By Smart Currency March 24th, 2016

Chocolate prices “could double by 2020” | Smart Currency Business

If you notice that your chocolate egg seems a little pricey this Easter, you can blame the weather, the Chinese and the currency.

 

Chocolate could double in price by 2020 say analysts. Already this year has seen a 26% rise in the price of cocoa powder, a 19% rise in cocoa butter and a 15% increase in sugar.

Prices have been forced up by a combination of weather, oil prices and exchange rates. The weather effect has come from El Niño, making Africa and South America hotter and drier and cutting production in some of the main growing areas. Most of the world’s chocolate comes from West Africa and in particular Ivory Coast, Ghana, Nigeria and Cameroon. From South America the main producers are Peru, Brazil and Mexico, while Indonesia makes the third biggest producer. In the Ivory Coast, production was down 100,000 tonnes in the last harvest; nearly 6%.

Cocoa beans are trading at aound USD 3,000 per tonne, with prices up 15% (USD400 per tonne), just in the past few week. The milk chocolate index, which adds in the price of cocoa powder and butter, sugar and milk products, is at £1.82 per kilogram, compared to £1.64 last Easter, although down from above £2 in 2014, a record year for chocolate prices.

Part of the volatility is down to Asian demand.
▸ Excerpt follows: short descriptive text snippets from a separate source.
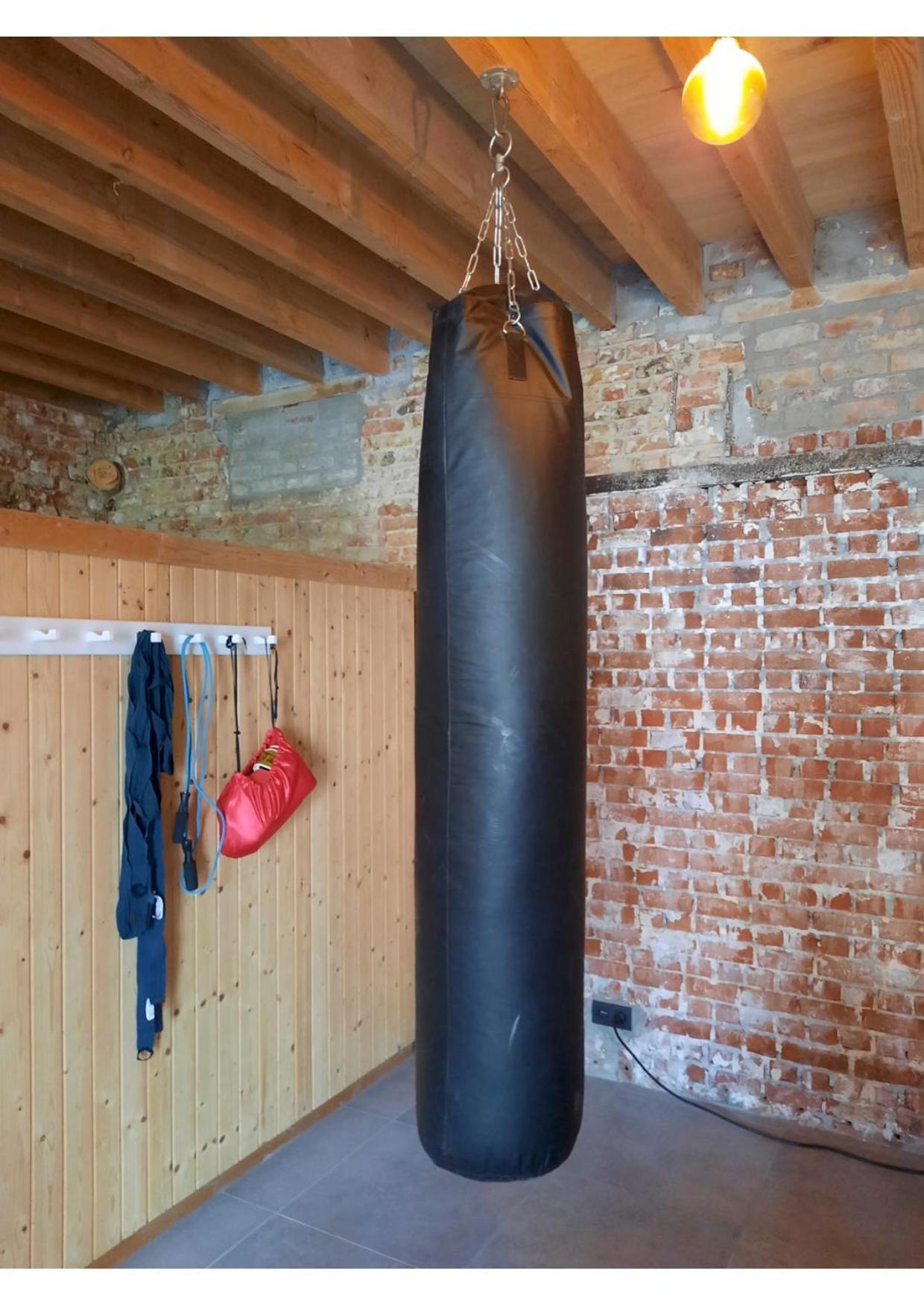 Maenhoudthoeve met zwembad en sauna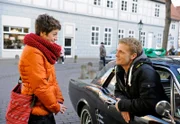 ARD ROTE ROSEN FOLGE 1422, am Freitag um 14:10 Uhr im ERSTEN. Ariane (Alexandra Horn, l.) vergisst ihr Versprechen an Hannes, weil sie sich Hals über Kopf in Robin (Niklas Osterloh, r.) verliebt.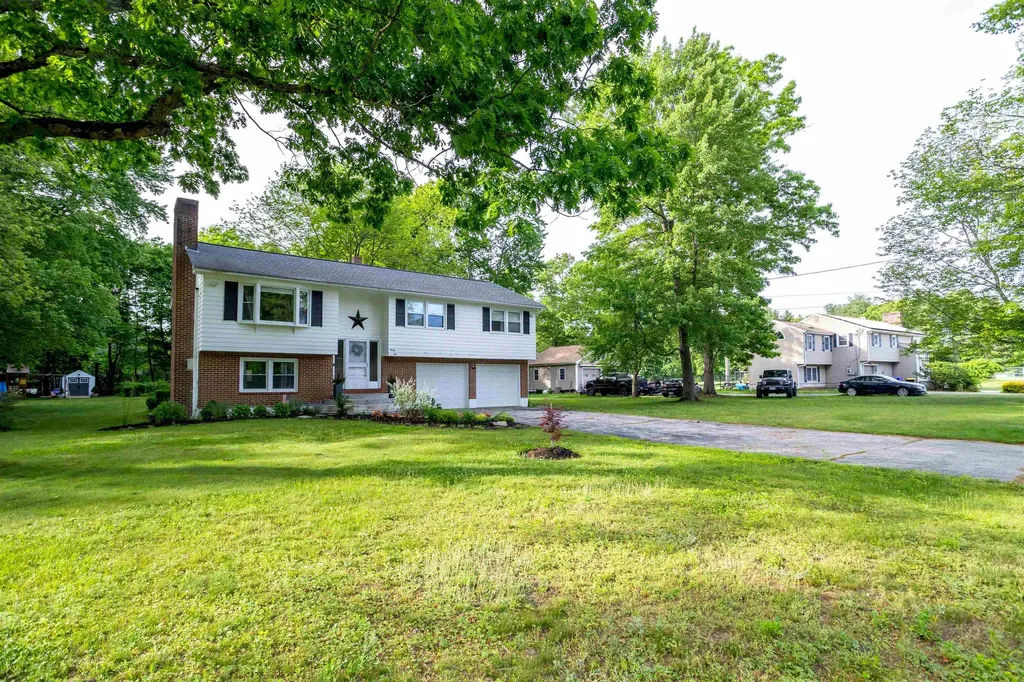 32 Alvirne Drive Hudson NH 03051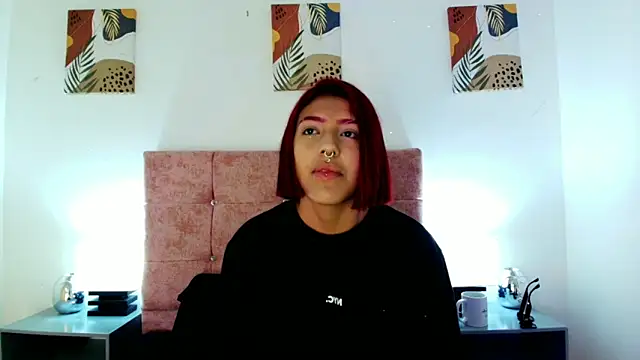 Snapshot of Dulce_Bella_ chatting on 09/23/25, 12:12 Dulce Bella online show from 09/23/25, 12:12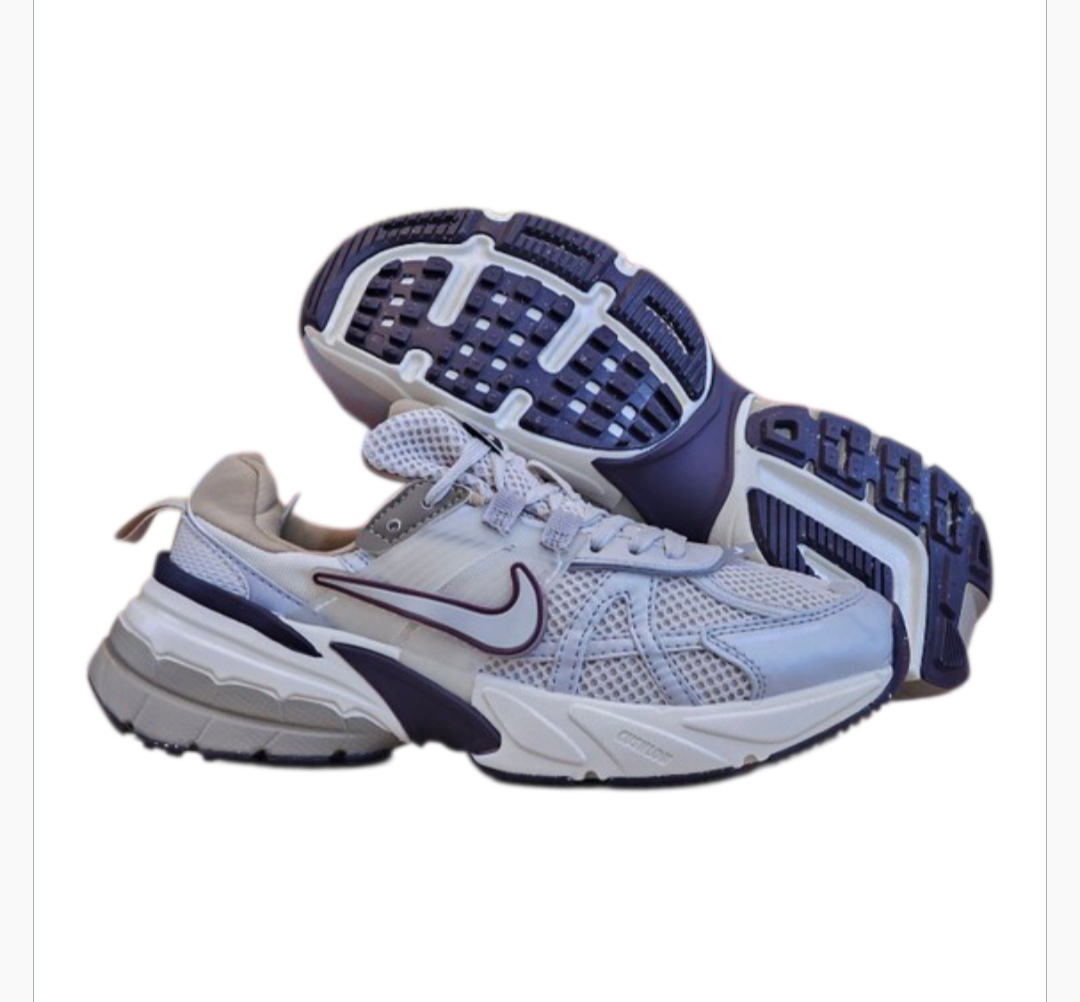 کتونی نایک وی تو کی زنانه مسترکوالیتی /سایز 37 الی 40/Nike V2k Run/ فروش عمده و تک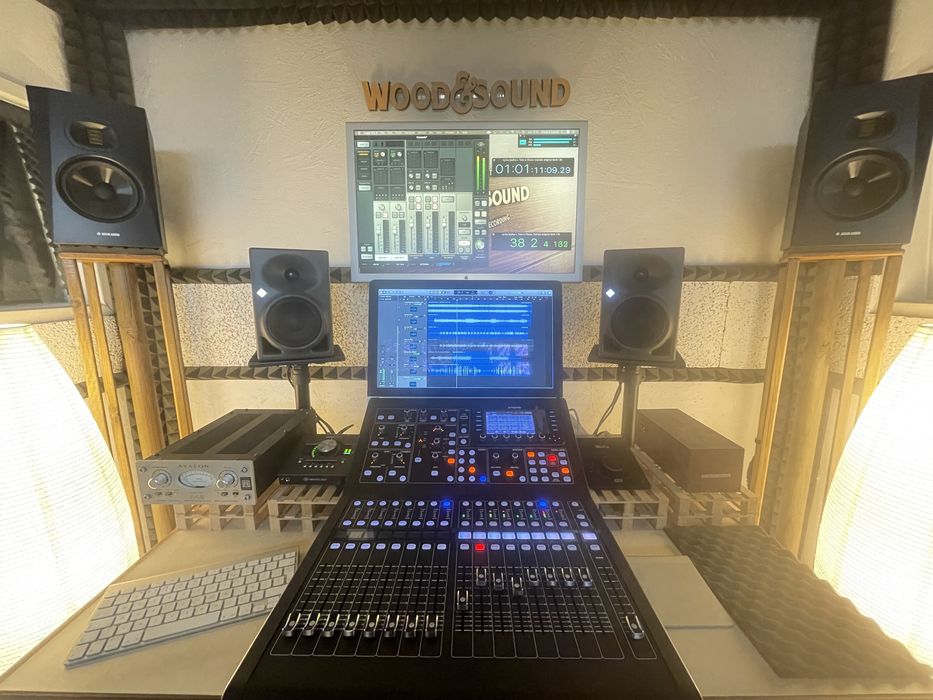 Estúdio / Sala de Ensaio / Salas de Captação / Estúdio de Fotografia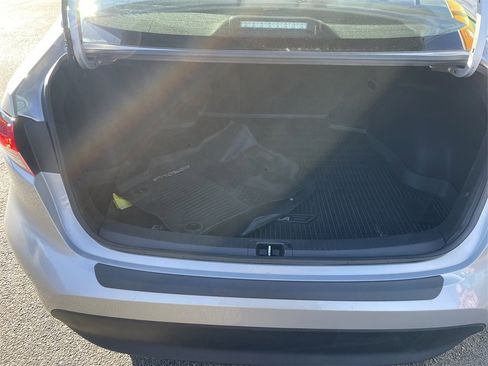 Used 2023 Toyota Corolla LE image 13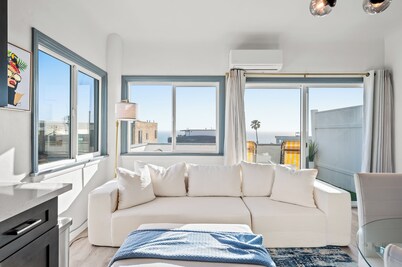 Luxury Beachside Gem + Walk to Beach + Ocean Views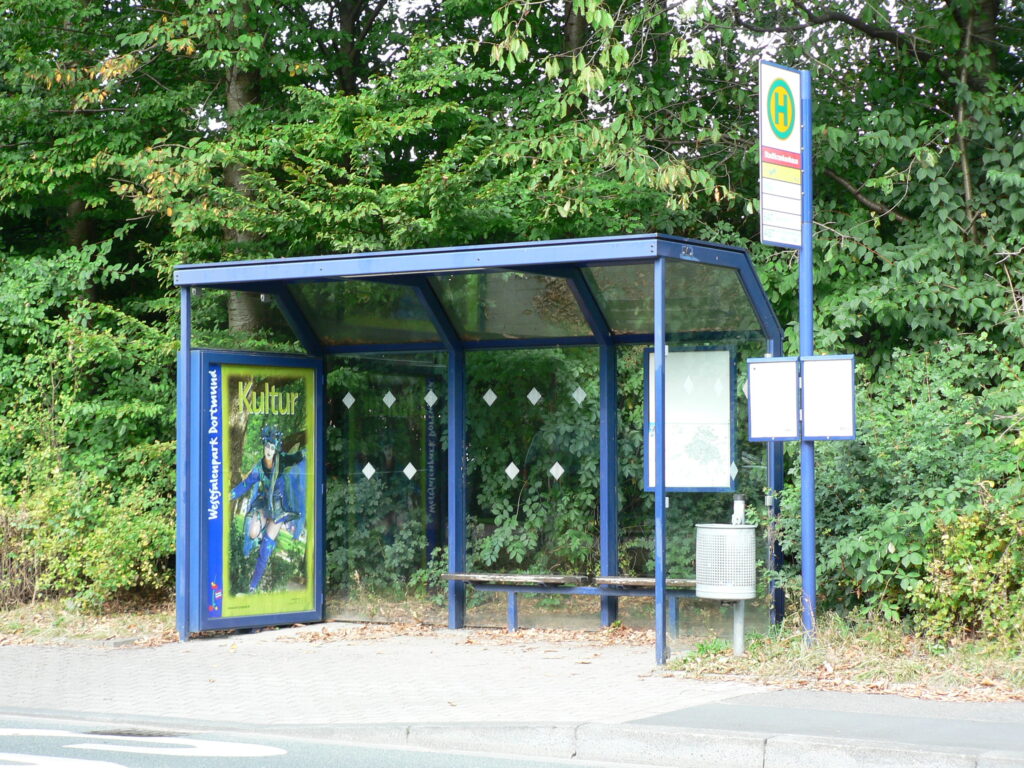 Wartehalle System A 3-feldrig mit Werbevitrine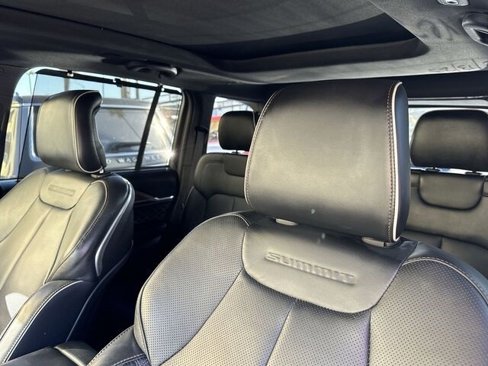 Used 2023 Jeep Grand Cherokee Summit w/ Advanced Protech Group IV image 22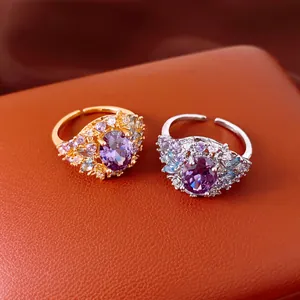 Detailopname van luxe 18k vergulde ovale paarse zirkoon open ringen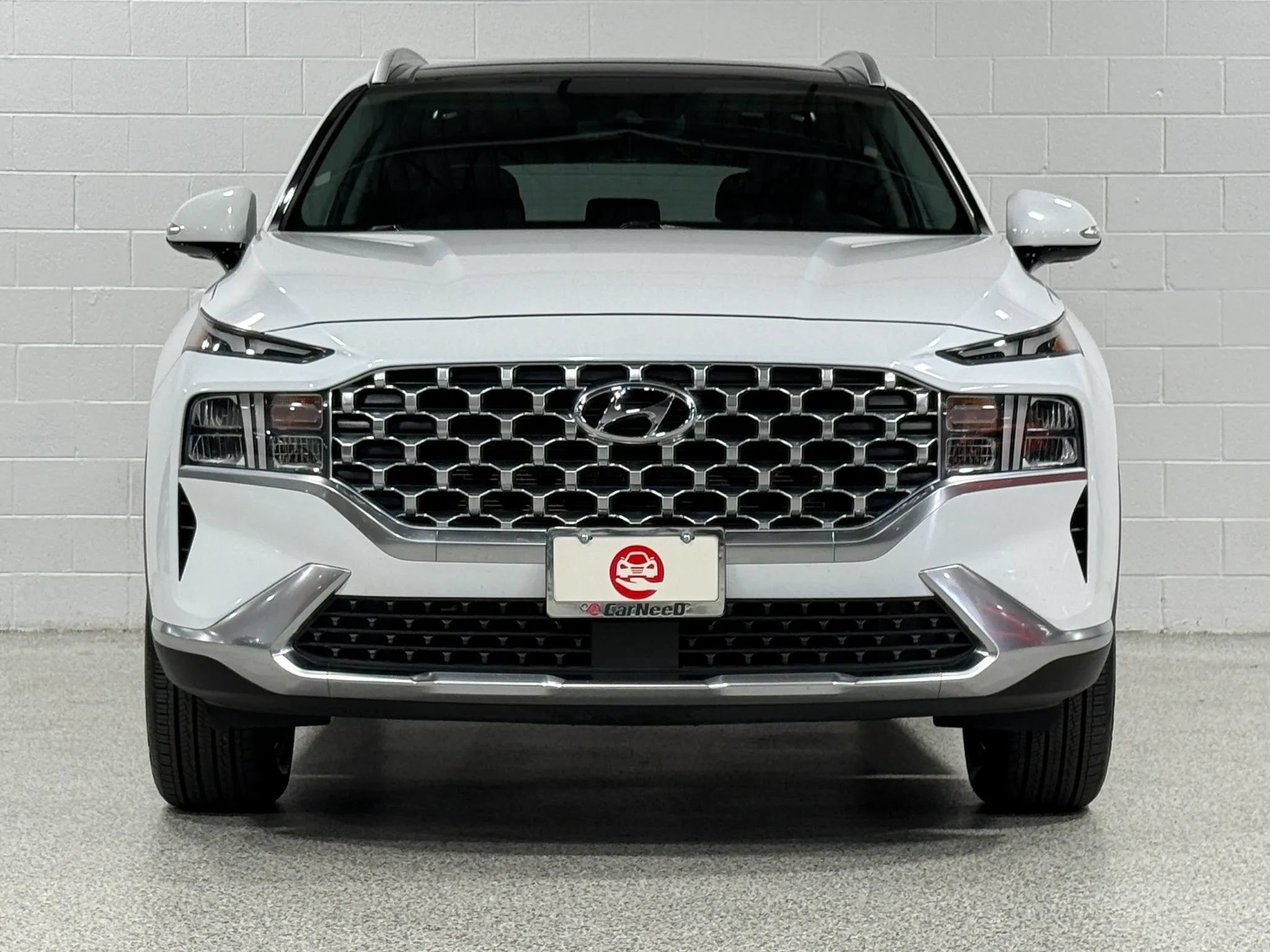 Used 2022 Hyundai Santa Fe SEL w/ Convenience + Premium Package AWD/4WD image 3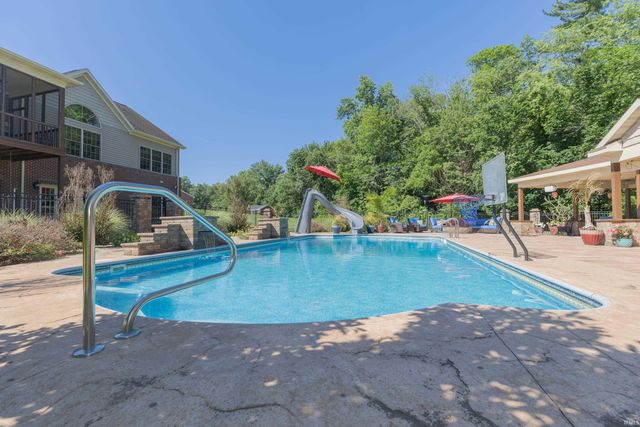2575 Woodstone Lane, Evansville, IN 47712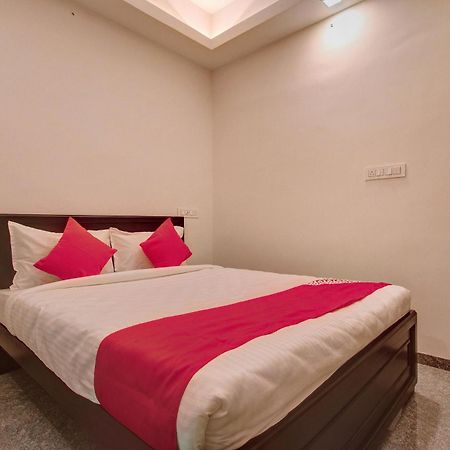 Hotel O Blue Moon Singanallur Exterior photo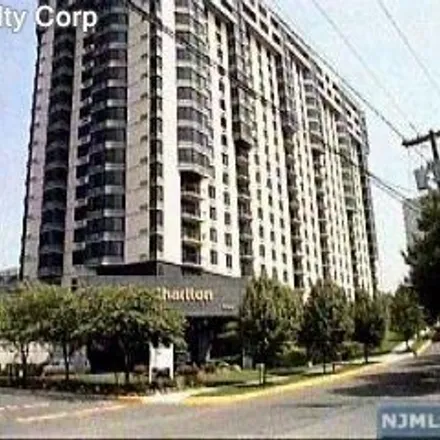 Buy this 1 bed condo on 1263 15th Street in Fort Lee, NJ 07024
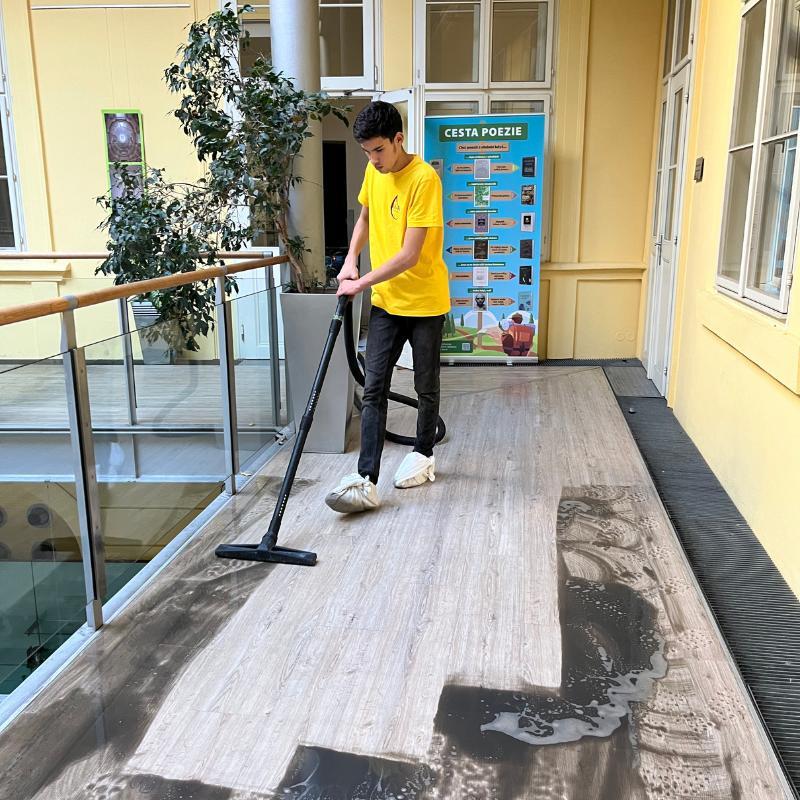 čištění podlah, čištění tvrdých podlah, čištění PVC podlah, voskovaní podlah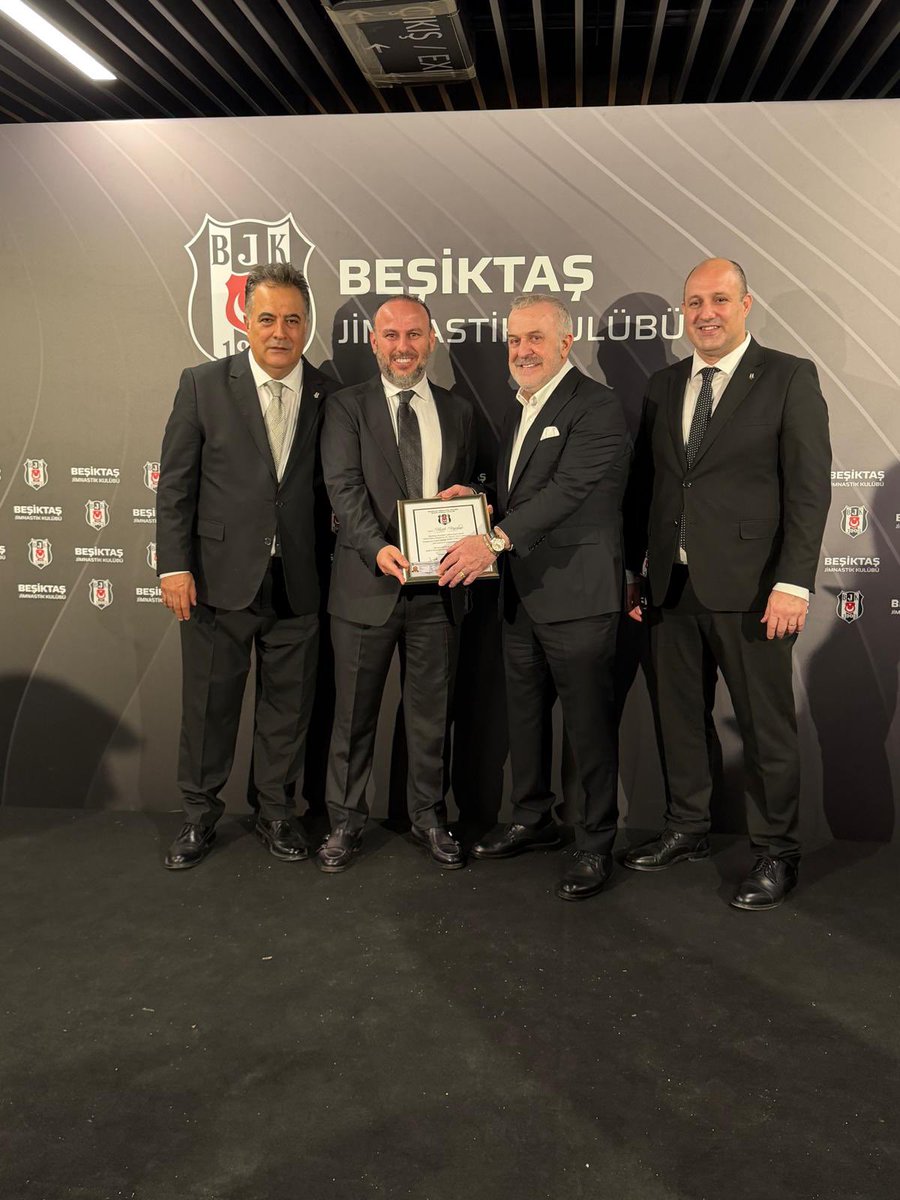 SİNAN VARDAR tweet media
Changing dietary preferences in China and South Korea in particular caused prices to spike in 2014 although that has declined since then in line with many other commodities no longer in quite such demand since the Chinese slowdown. Overall, however, the chocolate trend is up, and with the crop not one of the easiest to grow, more volatility is likely.

Cocoa prices have also been affected by fluctuations in the EUR-GBP exchange rate. The major producers in Africa – where chocolate is so expensive that most locals rarely taste it – use the Central African Franc (CFA) which is pegged to the euro.